Thierry Baubet : "les traumatismes non-intentionnel sont ceux liés à un cyclone, une manque de chance. Dans les traumatismes intentionnels, il y a un humain, qui a été capable, les yeux dans les yeux, de commettre ces actes. Cela provoque un ébranlement beaucoup plus profond."
Thierry Baubet : "on sait tous qu'on doit mourir, on a éventuellement vu des personnes mourir, mais ce qu'on ne connaîtra jamais c'est ce que c'est que d'être mort. Le traumatisme c'est faire un pas au-delà. C'est comme si la mort était désormais à l'intérieur de soi."
Thierry Baubet : "les manifestations initiales au moment du trauma sont souvent celles d'un vide, d'un blanc de la pensée. Puis très vite apparaissent l'angoisse, le sentiment d'abandon, de haine. Et très vite, l'idée que ce qui vient d'être vécu ne pourra pas être compris."

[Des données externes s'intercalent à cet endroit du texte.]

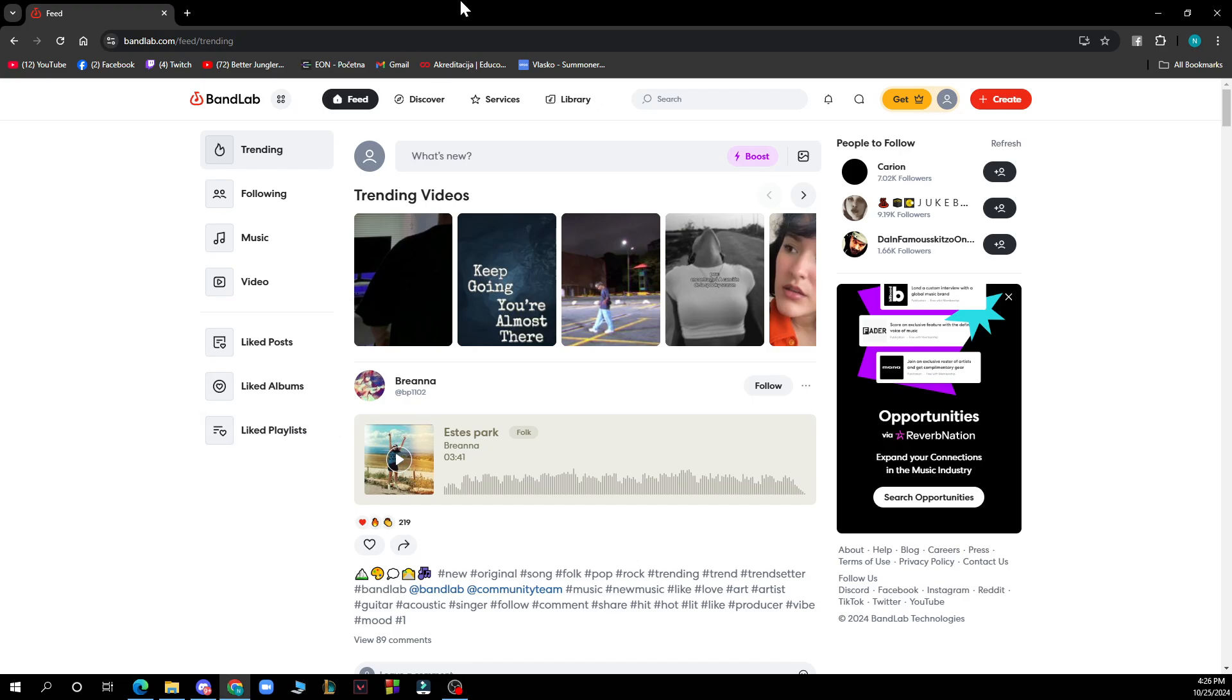Now let's see what we actually have in front of us. On the left side of the screen we have trending, following, music, and video. We also have liked posts, albums, and playlists. In the top side of the screen we have the feed, discover, services, and library, and of course the search bar. But now let's see how you can actually make money on Bandlab.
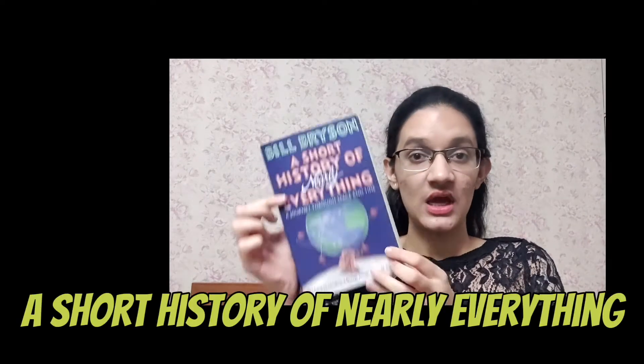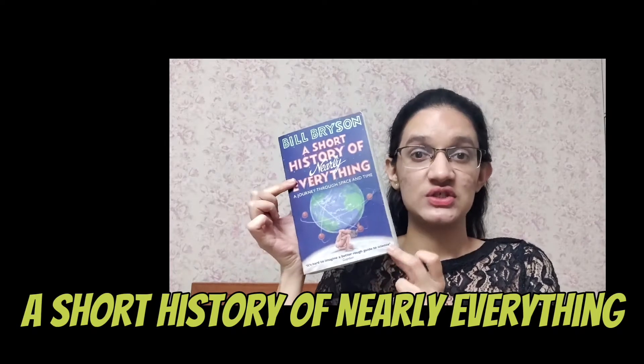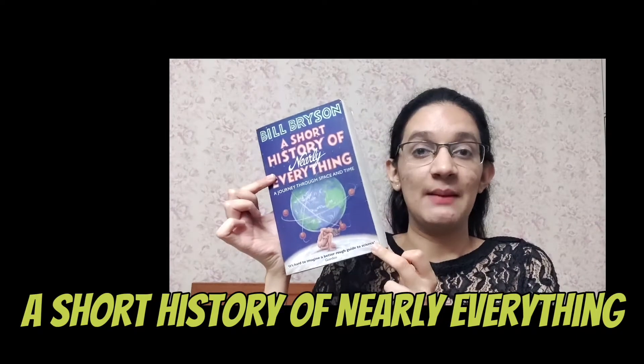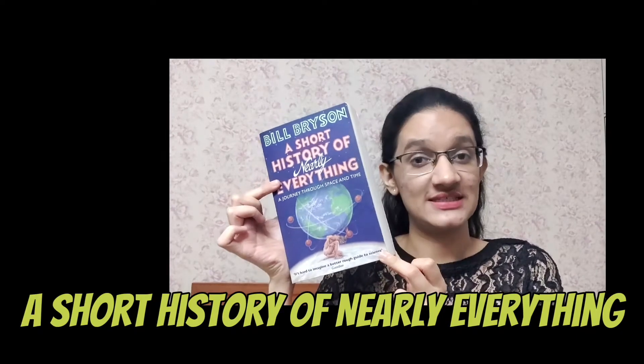Hi guys! Welcome back to my channel. I am Raisha and today I'll be introducing you guys to a very interesting book which is A Short History of Nearly Everything by Bill Bryson.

Thierry Baubet : "Sur la question de monter ou non des images, mon point de vue, c'est que montrer ces images fait souffrir les victimes, jouir les bourreaux et ne permet jamais d'arriver à ce que les personnes qui n'étaient pas là arrivent à se représenter ce qui a été vécu."
Thierry Baubet : "le travail de deuil commence avec la perte définitive d'un être aimé et par lequel on va devoir, après une phase de souffrance et de chagrin, parvenir à trouver une autre place à l'être aimé. Donc l'endeuillé souffre d'un vide immense lié à cette disparition."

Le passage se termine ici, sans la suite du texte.